# Training and boundaries for boyfriend's dog that would eventually be mine



## ewest89 (Jul 16, 2017)

Hello everyone! I am here to seek some much needed advice on training and possible implications on your relationship with your significant other.

I have been dating a wonderful man for a year and a half. He is the owner of a very cute, very sweet, 4 year old Beagle Lab mix. The longer we are together and the more I grow to love this man, the more of a future I see with him. There has been conversation about moving in together eventually (not in the very near future), but I do have some concerns about his dog, my tolerance for certain behaviors, and I want to have a productive conversation about it.

My boyfriend is very attached to his dog - she runs his house and has access to anything and everything. It’s his house, his dog, and his expectations, I understand. But if we were to share a home, I would want there to be more boundaries. 

I am scared to have this conversation with him because after we had been dating a while, I decided I could no longer tolerate sleeping at his place with the dog in the bed. I could not acclimate myself to it and was very uncomfortable. I very gingerly brought the topic up to him and asked if he would consider having her sleep elsewhere (literally anywhere except in the bed) whenever I stayed over, which was/is only one night a week. He became very emotional, cried, got upset and defensive. The next day he was a bit more reasonable, and now, ever since the conversation, she now sleeps in a chair beside the bed whenever I stay the night.
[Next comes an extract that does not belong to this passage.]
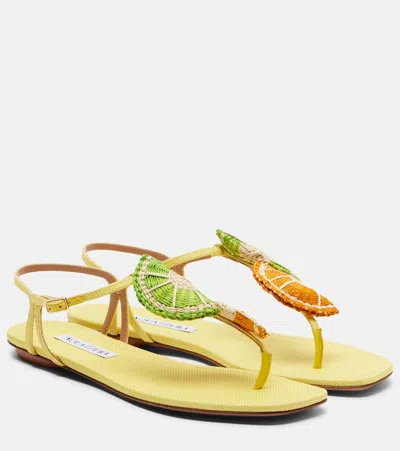 Aquazzura Citrus Sugar Raffia Slingback Sandals In Yellow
He said that he understood why I felt the way I did and was sorry for his reaction, but as you may understand, that incident has made me nervous about any future conversations about the dog.

I want to outline some of the behaviors and situations that are worrisome for me and it is my hope that you all can give me some pointers on how to remedy them so that when I approach my boyfriend, it is not a negative conversation where I am complaining about the dog, but more that I have some suggestions to propose so it is a more constructive conversation. I also want us to both be consistent with her, using the same language, and get him on board with trying things even when I am not around, again, for consistency.

Jumping - this is one of my pet peeves. His dog is a jumper. She jumps on me (and anyone) when they come in the door, which is problematic as she scratches skin, dirties clothes, knocks things out of my hands, etc. Even once I am inside the house, if I have something in my hands she wants, she will jump on me. Out in public, she jumps on others and has even attempted to jump on waitstaff at restaurants. He allows her to jump on him, and when giving her treats for commands like sitting, he holds it at his level and allows her to jump up to get it, which I feel like probably reinforces this behavior.. She has torn up my legs and arms multiple times by jumping on me. I tell her “OFF!” like he does, but it’s usually too late because the damage is already done. He has seen the scratches and apologizes to me and tells me he knows that it bothers me, but I am not sure what to do to make the jumping stop.

Food - his dog is entitled to any and all food. He frequently feeds her when cooking in the kitchen, and when he is done eating his meals, he puts his plate and silverware on the floor for her to lick. I find this to be an issue not only because I personally think allowing dogs to lick people plates is gross, but even more so, it causes her to beg and even lunge at plates while we are eating from them - even at the table! She is under the impression that it belongs to her, and she knows she will be given the food eventually, so why wait? If eating on the couch, he will allow her to sit on the couch beside him/us, or worse, she will climb the back of the couch and lean over top of you while you are eating.

Separation anxiety - my boyfriend brings his dog with him everywhere. He is on the road a lot for his job, and she often rides with him, so she is not used to being alone. This means when we are preparing to go somewhere she can’t go, she becomes visibly anxious. He coddles her before we go, which I think confuses her and makes it even worse. Even if we are in the house just hanging out, she has to be in the same room as him all the time. We can’t even go into the bedroom and shut the door for intimate time without her pawing, clawing, and banging her body against the door. This is a huge reason I still have not allowed him to bring her over to my place, which does not allow pets, because I have heard that once while on vacation he left her alone in a beach house where she tore apart all the blinds. He will eventually cave to her demands to be let inside the room, which I feel like reinforces that behavior.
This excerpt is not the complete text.